The turnout for the kinos, which was held in Yerushalayim’s Talmid Torah Yechavei Daas was impressive, and the evening’s opening remarks were heard from Rav Berkowitz, the director of the Belz talmid torah in Beit Shemesh. He called on the tzibur to stand united and firm to remove the ‘tuma’ from our lives.

There were many other speakers, including Rav Mordechai Shlomo Steinmeitz Shlita, head of the Har Nof Vishnitz community, who expounded on the dangers posed by bringing internet into one’s home, and the need to oust this danger from our midst.

Delivering a message from Maran HaGaon HaRav Yosef Sholom Elyashiv Shlita was HaRav Yosef Efrati Shlita, who spoke of the responsibility of each and every member of the community towards eliminating this threat. He explained how Gedolei Yisrael Shlita delved into the matter, probing it in-depth before reaching their decision, and they are now in the process of formulating the directive that will be distributed to heads of mosdos, a directive that he expects will be ready in the coming days.

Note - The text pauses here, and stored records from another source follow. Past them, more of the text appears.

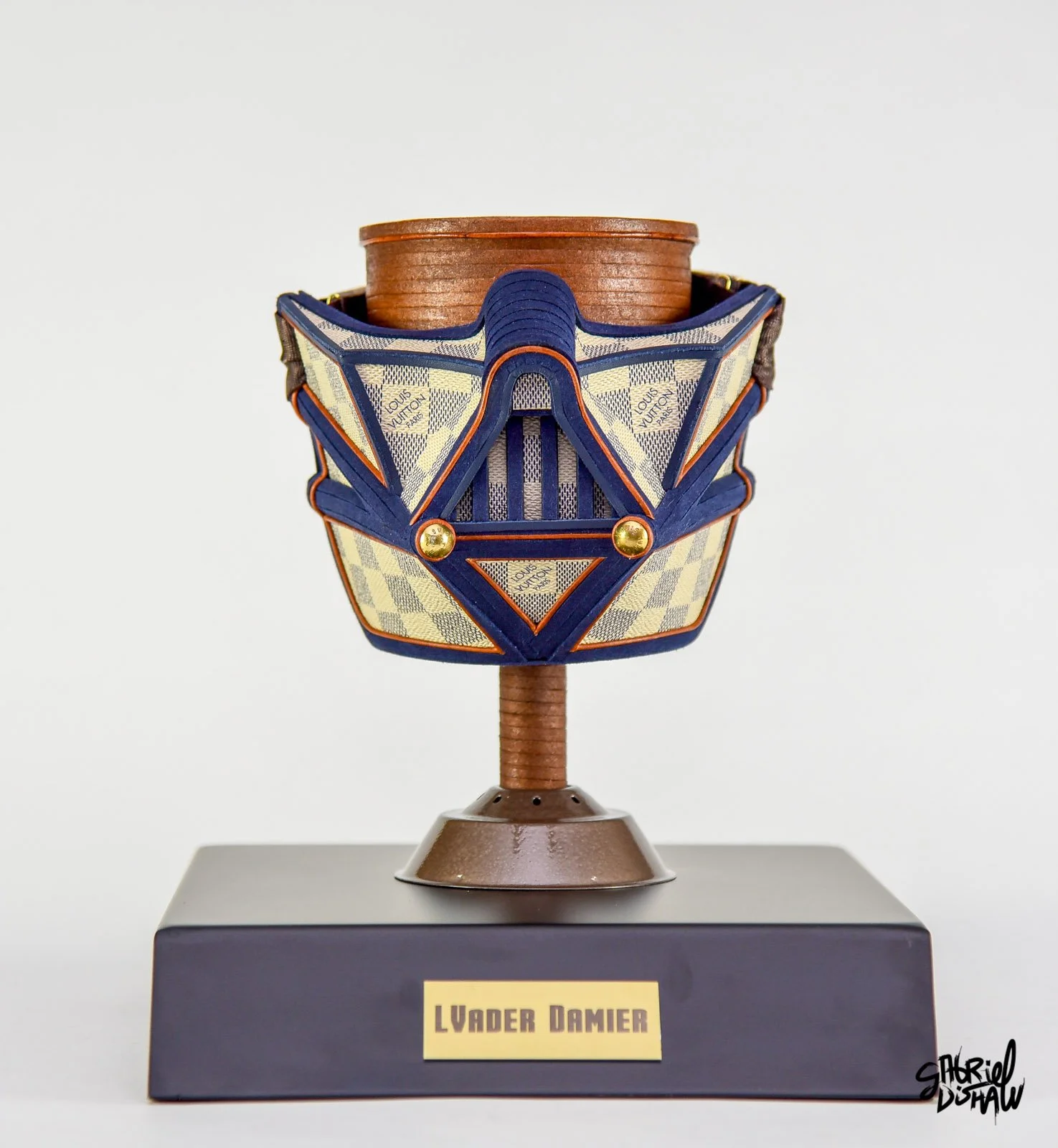 Gabriel-Dishaw-Dishaw-lvader-damier-darth-vader-upcycled-luxury-mask-series-star-wars-2.jpg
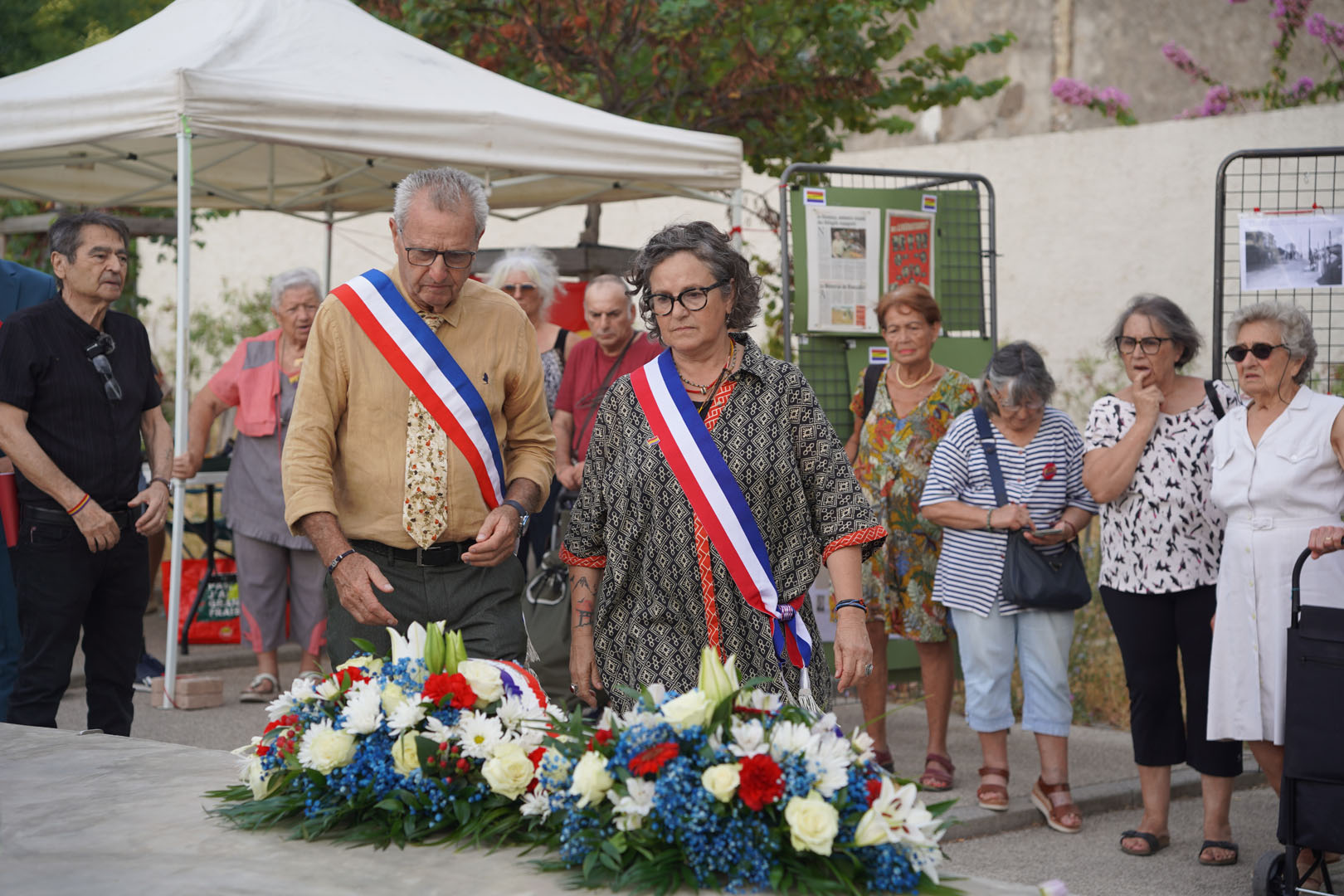 260725_COMMEMO_NO_PASARAN_AL (12)
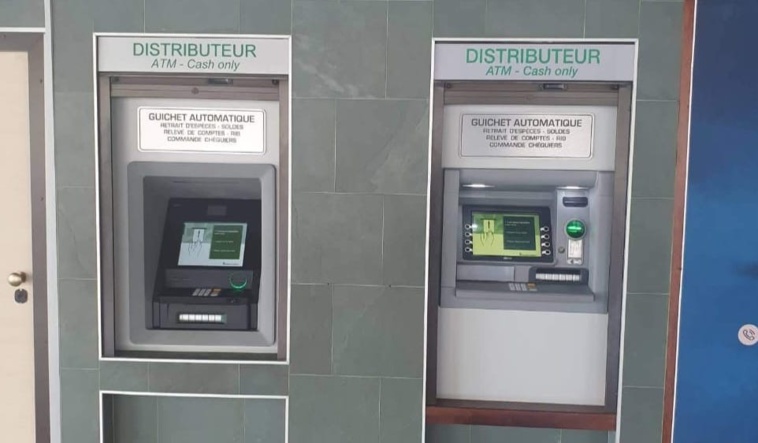 La loi sur les SBI est passée en décembre 2022 en Polynésie. Crédit photo : Bertrand Prevost. La loi sur les SBI est passée en décembre 2022 en Polynésie. Crédit photo : Bertrand Prevost.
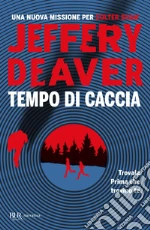 Deaver Jeffery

(Yechiel Spira – YWN Israel)


8 COMMENTS

  1. I do not chas v’sholom question the decision of the g’dolim. But in my experience, (I do not have internet at home) it is becoming increasingly difficult to live without it. I do have access at work and am constantly going online for my wife & kids for something or other. General information, shopping, planning, coupons, travel, returns, tracking a delivery, insurance, automobile registration, paying tickets, paying taxes, warranties, rebates, research etc etc etc are all done via the internet. Now we can still survive without it though its difficult but I fear that in the future it will be impossible to function without internet.

  2. Are they banning use of the telephone (voice is an internet application – though perhaps the opposite is true, internet is a telecommunication “front end”)? What about banning use of the banking system, which is now totally integrated with the internet?

  3. Aren’t we reading THIS on the internet? and how did the chareidi community get the news about D/C’ing the internet? through the internet of course!!

  4. This is obviously going to be a difficult thing.
    The internet IS a very slippery slope. At the very least it can easily consume tremendous amounts of time, time then not available for avodas HaShem. I see that the internet is a tzunami of bitel Torah, & tuma in a pretty package.
    It is also a place where mitzvaot can be done, but there is the very legitimate argument that we should simply not risk it, and seek other ways to serve HaShem in a safer way.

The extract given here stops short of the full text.